Jim and Melinda with their pack of llamas

Jim and Melinda with their pack of llamas

Yes, I know you're cute...

Yes, I know you’re cute…

Llamas stop to graze.

Llamas stop to graze.

It feels good to hike again. My intent in arriving in Crested Butte early is not only to hide out from the holiday crowds, but to also do some longer, higher altitude hiking to acclimatize for my “big hike” with Bobbie later next week. But thanks to storm clouds moving overhead and in my head, I have not been successful at either.

Crested Butte, I want to like you, I really do. But you are not making it easy…

(It does eventually get better.)

(It does eventually get better.)

Emerald Lake, up Gothic Road.

Emerald Lake, up Gothic Road.

Labor Day seems to have brought Autumn with it.

Labor Day seems to have brought Autumn with it.

21 thoughts on “Why Can’t I Be Joyful?

  1. Labor Day never seems to be easy, no matter where we are. About our best bet is to “hide out” in a remote, obscure private park, but sometimes it doesn’t work out. And sometimes the vibe of a town just doesn’t mesh either, for whatever reason. We’re a wishy washy lot, us Fulltime RVers LOL. Glad you got a good hike out of it.
    Nina

    • Nina, I think you guys have the right idea. If it is going to be noisy and crowded anywhere you go, find a remote corner to hide! (Note to self: An ATV Mecca does not qualify.)

  2. The dichotomy of holidays . . . They look so different from the vantage point of a fulltimer vs. that of a “jam it all in” vacationer.

    Virtual hugs,

    Judie

    • It really is such a paradigm shift, isn’t it Judie? I still haven’t made the shift to stop living for weekends and holidays, but I am sure getting there!

  3. I wonder if the altitude is messing with your mood? You are in a beautiful location, that’s for sure, and you’ve seen some cool animals up there. (Wouldn’t it be FUN to hike with llamas?) Maybe your up-coming hike with Bobbie will snap you out of it. Or it’s just a normal “downtime.” I’d guess most of us have those sometimes. They last a bit, then the sun shines again. :)

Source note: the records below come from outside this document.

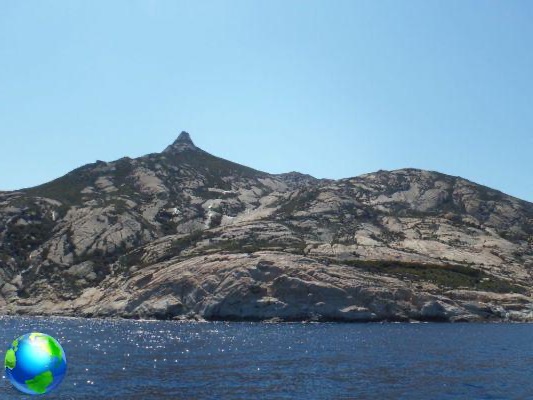 How to visit the Montecristo Island, Tuscan Archipelago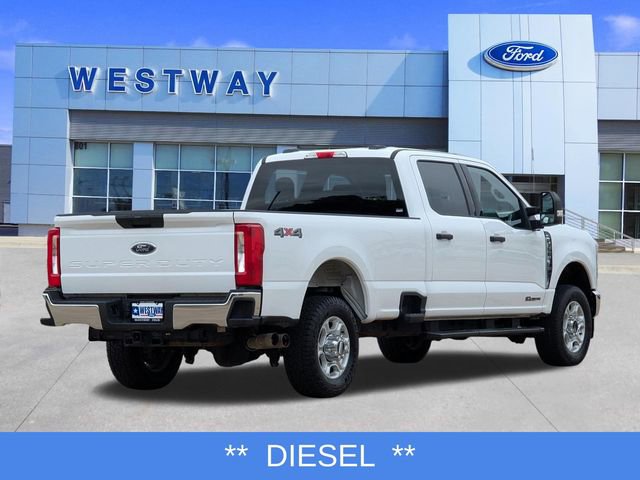 Used 2025 Ford F350 XLT AWD/4WD image 3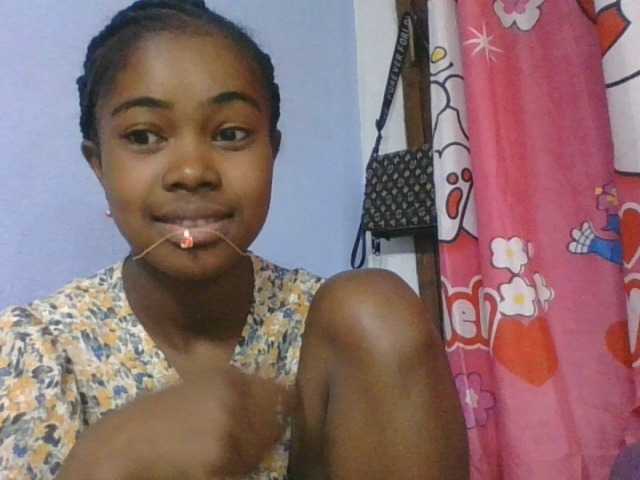 Phaniah1a live cam on BongaCams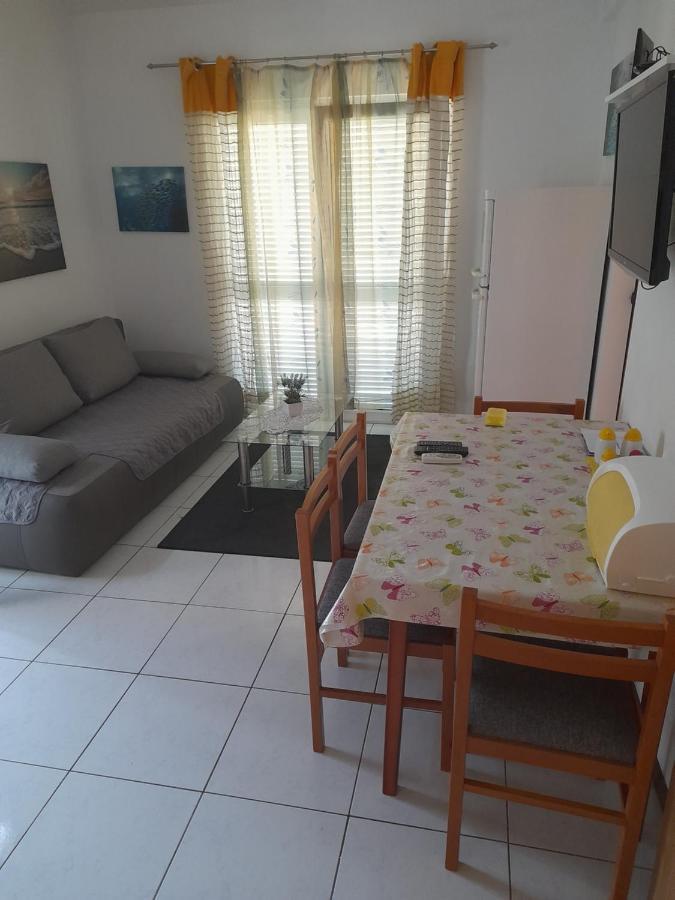 Nečujam Apartment Gianni מראה חיצוני תמונה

    • Hi, Barbara — Jeanne and I were speaking fondly of you over lunch yesterday. Were your ears burning? 😉 Yes, the altitude was definitely messing with my mood. I just didn’t feel well the entire time I was in Crested Butte, but I wasn’t sure it was all altitude until I returned to feeling like myself at little lower elevation. But I am definitely “solar powered,” and my mood always darkens with the looming clouds.

  4. You are probably right about missing your regular exercise and then all the gloomy weather. You did come up with some gorgeous photos, as usual. I enjoy your blog very much. Thank you. I hope to be a full time RVer in about a year. So much to think about and learn – kind of overwhelming at times.

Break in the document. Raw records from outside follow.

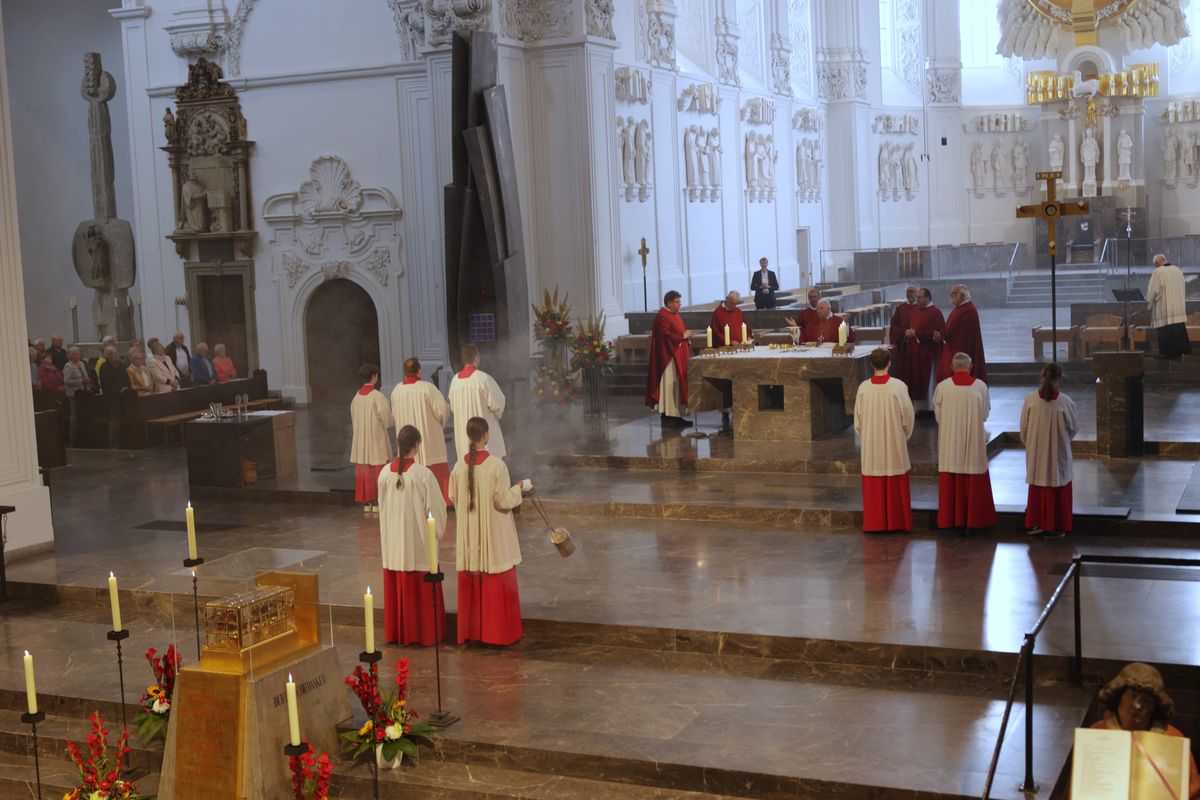 Weihbischof em. Ulrich Boom feierte am Mittwoch, 9. Juli, einen Kiliani-Wallfahrtsgottesdienst mit Gläubigen aus der Region Main-Rhön. Eine Begegnung auf dem Kiliansplatz schloss sich an. 
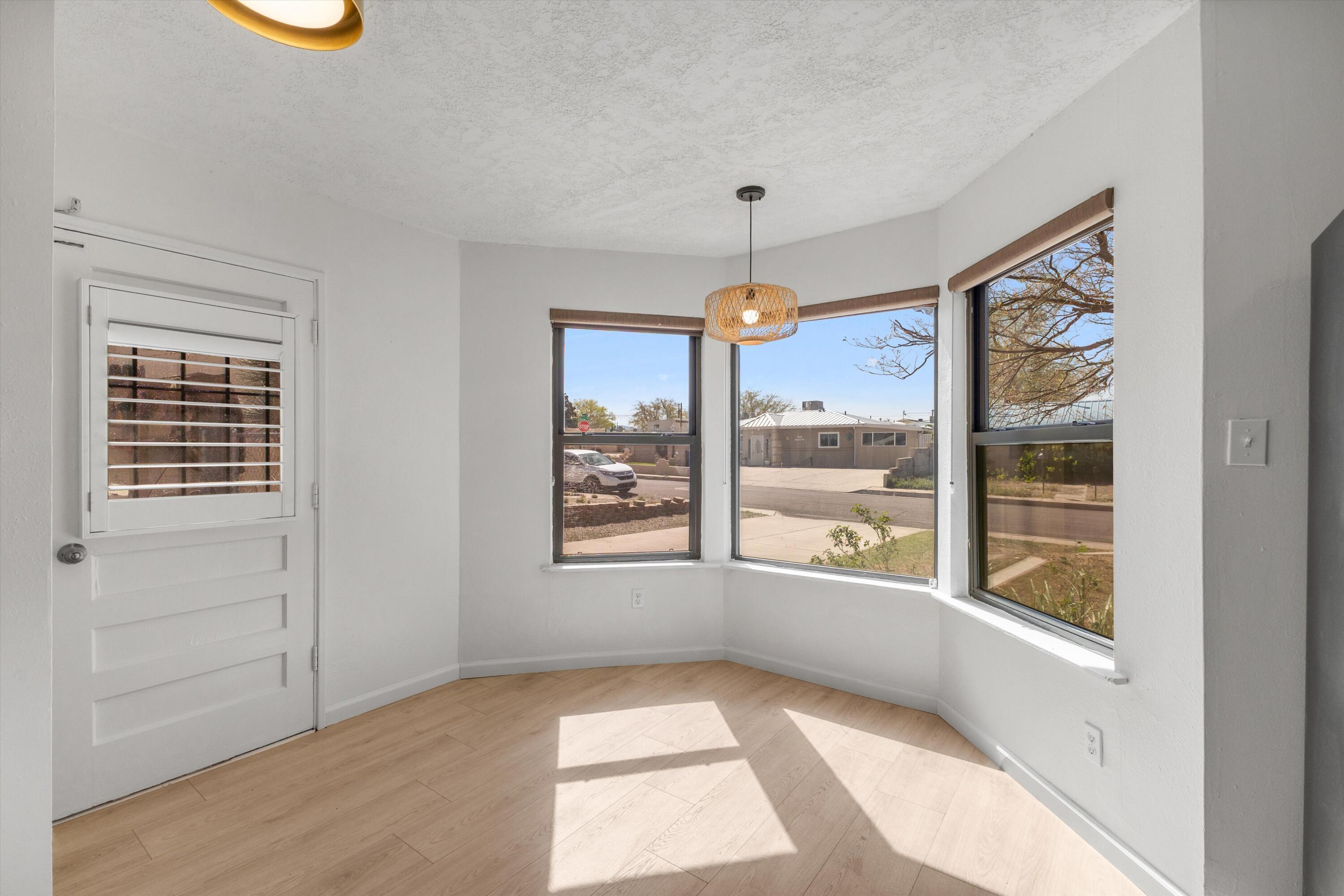 9225 Mescalero Road NE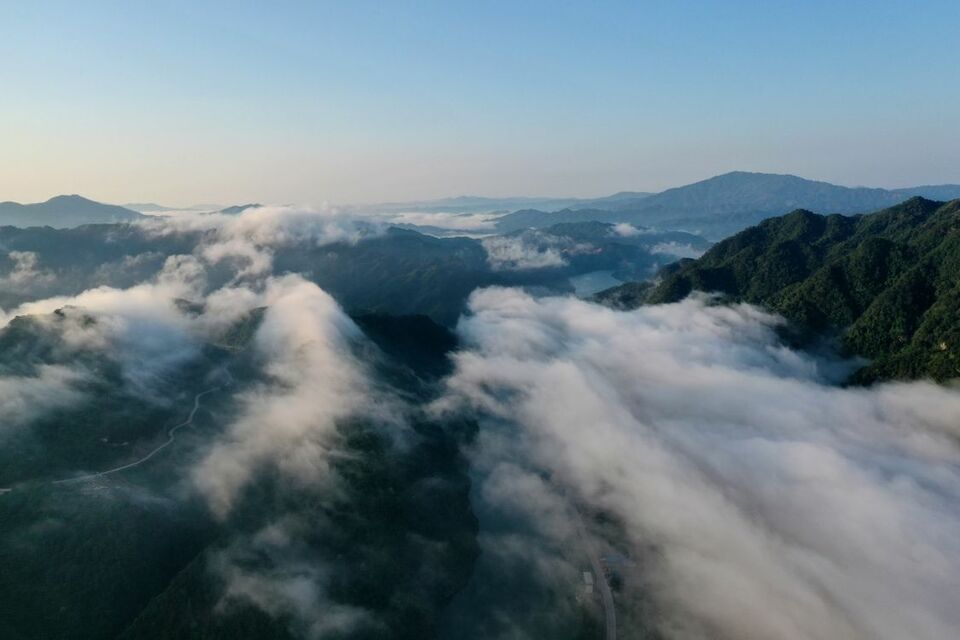 广西：云雾山川生态美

    • Thank you Pamela B, for the nice comment. I wish you the best of luck getting ready to go full time. I learned so much from other bloggers, so don’t hesitate to ask if you have questions!

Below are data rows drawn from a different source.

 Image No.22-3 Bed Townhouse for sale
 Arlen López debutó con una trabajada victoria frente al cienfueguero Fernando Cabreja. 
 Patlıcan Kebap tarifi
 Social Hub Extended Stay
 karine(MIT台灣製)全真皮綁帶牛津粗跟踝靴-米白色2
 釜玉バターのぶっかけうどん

  5. I just laughed my a– off. You are so funny even in a low mood. Loved the picture of you alone at Washington Gulch waiting for the crowds. Thank you I appreciate your blog.

  6. The Change of weather always brings with it a sense of foreboding for me. I am never ready for the summer weather to go and the sun can be so fickle in the fall, teasing my hopeful spirit with a few days of bliss then followed by days and days of grey. You have also had many emotional blows in your personal life these past few months that at times must feel like a huge cloud following you. You did find some great photos tho !! It must be about time to come out of the mountains and follow the sun and warmth. The sun will return….

  7. When I have been bothered by altitude, it has manifested in feeling disgruntled. Sometimes, I’m disgruntled at low elevations, too; there seems to be no scientific explanation for that.

  8. I did find on our trip through southern AZ and northern NM when I was above 8K’ in altitude that I did not function as well as I did at lower altitudes. We live fifty miles from the Atlantic at about 340′ most of the time and that air is a lot thicker. I would love to be able to spend more time at altitude so that I would acclimate and get more enjoyment. As to hunters, be kind. They too have their function in the wild. Wear orange when you hike too.

  9. Allen, yes, I too lived most of my life as a flatlander. Funny, the altitude didn’t bother me much in Ouray, but Crested Butte seemed to tire me from just the simplest of tasks. As for the hunters, it’s not the hunting that bothers me as much, as I am a carnivore. But some of them seem to have a “Get out of my territory” attitude toward boondocking RVers…Yes, “Orange is the new Alive!” 😉

  10. One rainy day can be kind of peaceful, but not a string of cold, wet, and dreary ones when you want to be outside. Two nights ago, we had over 5 inches of rain and hail while camping at the river in the motorhome. There wasn’t much sleep that night!

  11. The thing I miss the most about Crested Butte is: paradise potatoes!
    I have been on every trail out there hiking and biking, my all-time favorite is Bear Creek Pass, a 20 plus mile death march.